As Ann and Ethan both noted, two major pieces of climate legislation were passed by the California legislature this week, and Governor Brown has promised to sign both bills. Overall, the legislation extends the state’s greenhouse gas reduction goals (which were originally to reach 1990 levels of emissions by 2020) out to a 40% reduction from 1990 levels by 2030. The companion piece of legislation (as Ann noted) imposes greater legislative oversight on the California Air Resources Board’s implementation of the legislation, and prioritizes direct regulation of greenhouse gas emissions from large sources in the achievement of the greenhouse gas reduction goals.
The legislation is a big deal – even though it does leave out the question of whether the state’s cap-and-trade program to reduce greenhouse gas emissions needs to be and should be extended beyond 2020. What I want to highlight here is the politics of the legislation, and build on a point that Ethan made in his post.
First, the fight over enacting this legislation was a knock-down, drag-out fight between many of the major interest groups in the state. Environmental groups and clean tech industry leaders were involved; the state’s (large) oil and gas industry was involved; the California Chamber of Commerce was involved; as were environmental justice and other advocates for poor and minority communities. Efforts to enact similar legislation died at the end of the last legislative session in 2015. One of the interesting developments in the fight in that last legislative session was at least a tacit alliance between the oil and gas industry and the Chamber of Commerce, and some Democratic state legislators representing predominantly poor communities with high African-American and Latino populations. The main arguments by critics of the proposed legislation were that the state’s climate policy was unfairly tilted towards the rich (e.g., subsidies for electric vehicle purchases), wasn’t providing enough direct air quality benefits towards those living in some of the dirtiest air quality in the country (e.g., many communities in the Central Valley), and tight environmental regulations would harm job creation and economic development in the communities that need them most. (For an example of such arguments, see this op-ed in the Wall Street Journal.)
This alliance had a range of repercussions – one of the African-American lawmakers who did not support the legislation in the last session is now facing a primary challenge funded in part by environmental groups, for instance. For a while, it seemed like the oil and gas industry had found helpful allies in an increasingly liberal, blue state like California. Further benefitting the industry was the impact of the changes to California’s electoral system, which advances the top two candidates from the primary election in June to the November general election, even if they are from the same party – many observers have credited this change with increasing the number of moderate Democrats in the legislature, moderate Democrats who were sympathetic to the oil and gas industry’s arguments here.

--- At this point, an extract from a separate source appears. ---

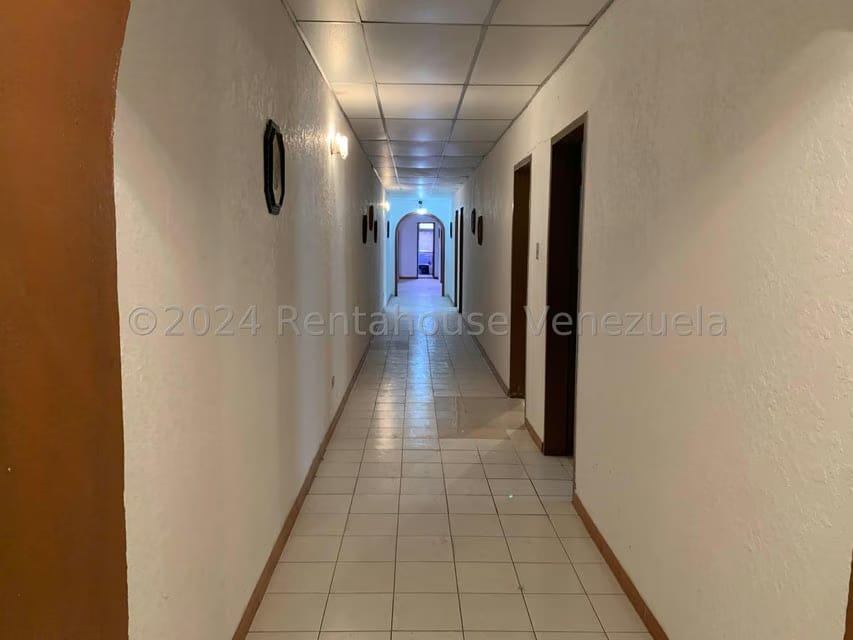 Comercial (Edificio) en Venta en El Marques, Miranda - 123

I think it’s fair to say that, in retrospect, the oil and gas industry’s strategy has backfired spectacularly. (And don’t just believe me – the quote from the Republican legislator representing Bakersfield, the center of the oil and gas industry, is that “My sky is falling.”) They now have the worst of all possible worlds – a regulatory system that not only has ambitious targets for reductions of greenhouse gases, but a system that emphasizes regulatory tools that might increase compliance costs relative to the cap-and-trade program that industry fought tooth and nail (and is currently litigating in court, arguing that it is an unconstitutional tax.) As Ethan notes, that does create an incentive for industry to try and push for a cap-and-trade program in the next legislative session. But I think the odds of industry getting such a program are lower now than they were before the bills passed this week. Environmental justice advocates are rightly going to defend a hard-fought victory, and have demonstrated how much sway they have in the legislature. It’s hard to see what the industry can give environmental groups and other climate policy advocates that they didn’t otherwise win in this session – unless it’s a two-thirds vote in the legislature extending the cap-and-trade program and mooting any claims that it is an unconstitutional tax. But to do that, industry will have to backtrack on its “sky is falling” arguments about climate policy in general. Moreover, industry will also have to get votes from both Republicans and moderate Democrats to get over the two-thirds hurdle. State Republicans have been adamant in opposing almost any tax increase, so they’ll be a tough sell. But even harder will be the moderate Democrats from poor and minority districts – they are the ones who made a big deal about the regressive impacts of cap-and-trade programs. Getting them to switch that position and support cap-and-trade, without having them look like they’re just doing industry’s bidding, will be trickyl. Perhaps that can be obtained through promises of spending many of the auction proceeds on environmental and energy projects that benefit their districts.
Full disclosure: I am the attorney representing a group of leading environmental economists that submitted an amicus brief in support of the state’s cap-and-trade program, and in opposition to the California Chamber of Commerce in its lawsuit arguing that the cap-and-trade program is an unconstitutional tax.